Note that the verifycommon module helps ensure that records are marked consistently and avoids some redundancy. However, the file and shelve verify scripts still look very similar; it might be better to further generalize the notion of database update scans by moving this logic into the storage-specific database interface classes shown earlier.

Short of doing so, there is not much we can do about the scan-logic redundancy or storage-structure dependencies of the file and shelve verify scripts. The existing load-list database class methods won't help, because they don't provide the generated filename and shelve key details we need to rewrite records here. To make the administrative tools more robust, some database class redesign would probably be in order -- which seems as good a segue to the next section as any.

14.8 Designing for Reuse and Growth

I admit it: PyErrata may be thrifty, but it's also a bit self-centered. The database interfaces presented in the prior sections work as planned and serve to separate all database processing from CGI scripting details. But as shown in this book, these interfaces aren't as generally reusable as they could be; moreover, they are not yet designed to scale up to larger database applications.

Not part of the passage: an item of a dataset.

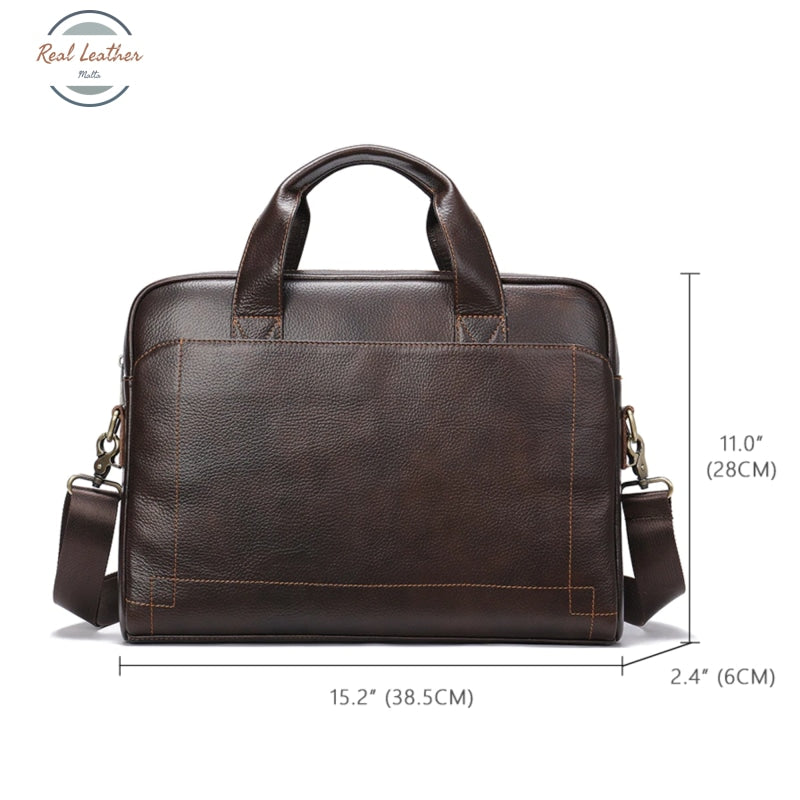 Genuine Leather 14 Business Laptop Bag For Men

Let's wrap up this chapter by donning our software code review hats for just a few moments and exploring some design alternatives for PyErrata. In this section, I highlight the PyErrata database interface's obstacles to general applicability, not as self-deprecation, but to show how programming decisions can impact reusability.

Something else is going on in this section too. There is more concept than code here, and the code that is here is more like an experimental design than a final product. On the other hand, because that design is coded in Python, it can be run to test the feasibility of design alternatives; as we've seen, Python can be used as a form of executable pseudocode.

14.8.1 Reusability

As we saw, code reuse is pervasive within PyErrata: top-level calls filter down to common browse and submit modules, which in turn call database classes that reuse a common module. But what about sharing PyErrata code with other systems? Although not designed with generality in mind, PyErrata's database interface modules could almost be reused to implement other kinds of file- and shelve-based databases outside the context of PyErrata itself. However, we need a few more tweaks to turn these interfaces into widely useful tools.

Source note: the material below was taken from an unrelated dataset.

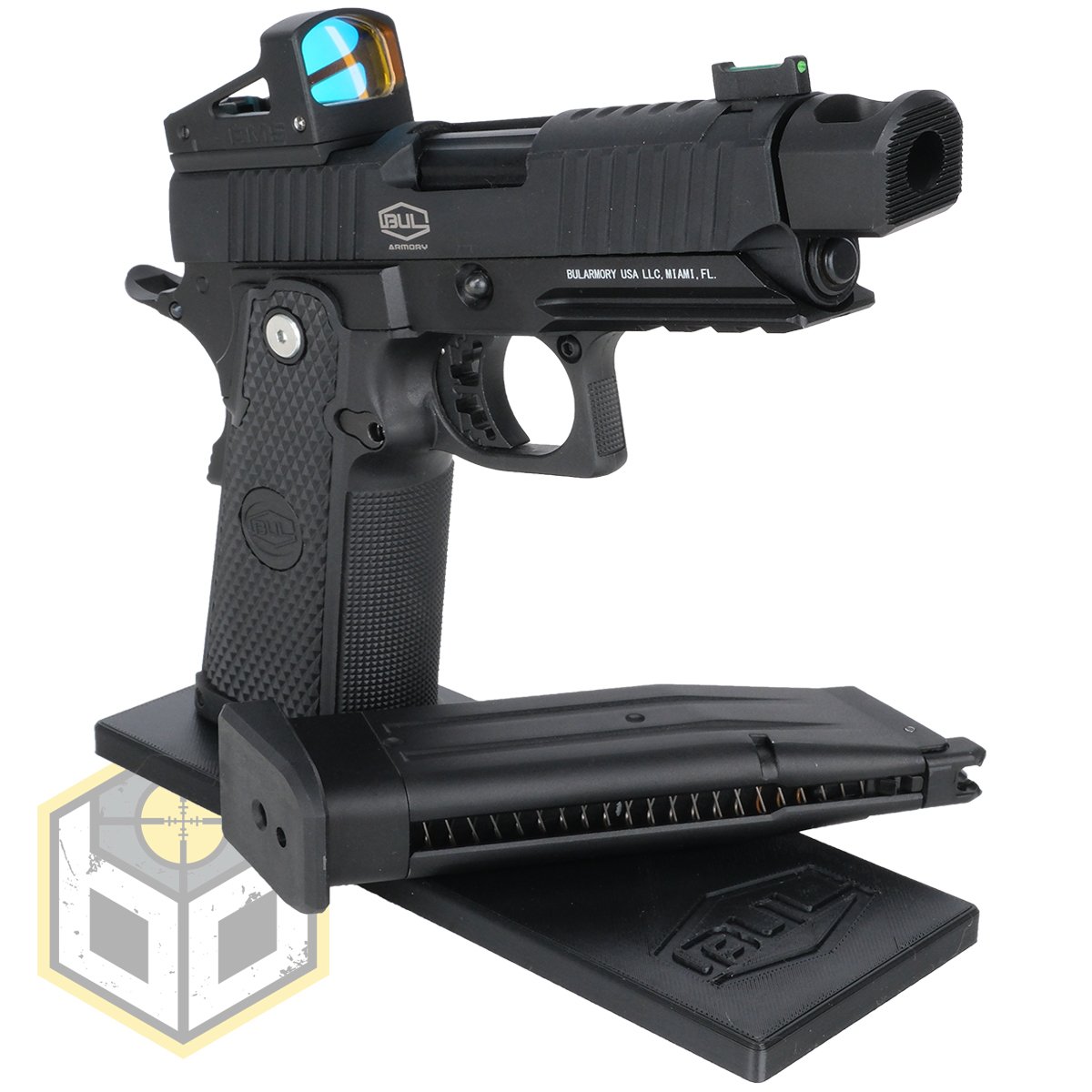 Bull pistol stand with Black logo 7 jpg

As is, shelve and file-directory names are hardcoded into the storage-specific subclass modules, but another system could import and reuse their Dbase classes and provide different directory names. Less generally, though, the dbcommon module adds two attributes to all new records (submit-time and report-state) that may or may not be relevant outside PyErrata. It also assumes that stored values are mappings (dictionaries), but that is less PyErrata-specific.

If we were to rewrite these classes for more general use, it would make sense to first repackage the four DbaseErrata and DbaseComment classes in modules of their own (they are very specific instances of file and shelve databases). We would probably also want to somehow relocate dbcommon's insertion of submit-time and report-state attributes from the dbcommon module to these four classes themselves (these attributes are specific to PyErrata databases). For instance, we might define a new DbasePyErrata class that sets these attributes and is a mixed-in superclass to the four PyErrata storage-specific database classes:

# in new module
class DbasePyErrata:
     def storeItem(self, newdata):
        secsSinceEpoch          = time.time(  )
        timeTuple               = time.localtime(secsSinceEpoch)
        y_m_d_h_m_s             = timeTuple[:6]      
        newdata['Submit date']  = '%s/%02d/%02d, %02d:%02d:%02d' % y_m_d_h_m_s
        newdata['Report state'] = 'Not yet verified'
        self.writeItem(newdata)

# in dbshelve
class Dbase(MutexCntl, dbcommon.Dbase):
    # as is

# in dbfiles
class Dbase(dbcommon.Dbase):
    # as is

# in new file module
class DbaseErrata(DbasePyErrata,  dbfiles.Dbase):
    dirname = 'DbaseFiles/errataDB/'
class DbaseComment(DbasePyErrata, dbfiles.Dbase):
    dirname = 'DbaseFiles/commentDB/'

# in new shelve module
class DbaseErrata(DbasePyErrata,  dbshelve.Dbase):
    filename = 'DbaseShelve/errataDB'
class DbaseComment(DbasePyErrata, dbshelve.Dbase):
    filename = 'DbaseShelve/commentDB'

There are more ways to structure this than we have space to cover here. The point is that by factoring out application-specific code, dbshelve and dbfiles modules not only serve to keep PyErrata interface and database code distinct, but also become generally useful data-storage tools.

14.8.2 Scalability

PyErrata's database interfaces were designed for this specific application's storage requirements alone and don't directly support very large databases. If you study the database code carefully, you'll notice that submit operations update a single item, but browse requests load entire report databases all at once into memory. This scheme works fine for the database sizes expected in PyErrata, but performs badly for larger data sets. We could extend the database classes to handle larger data sets too, but they would likely require new top-level interfaces altogether.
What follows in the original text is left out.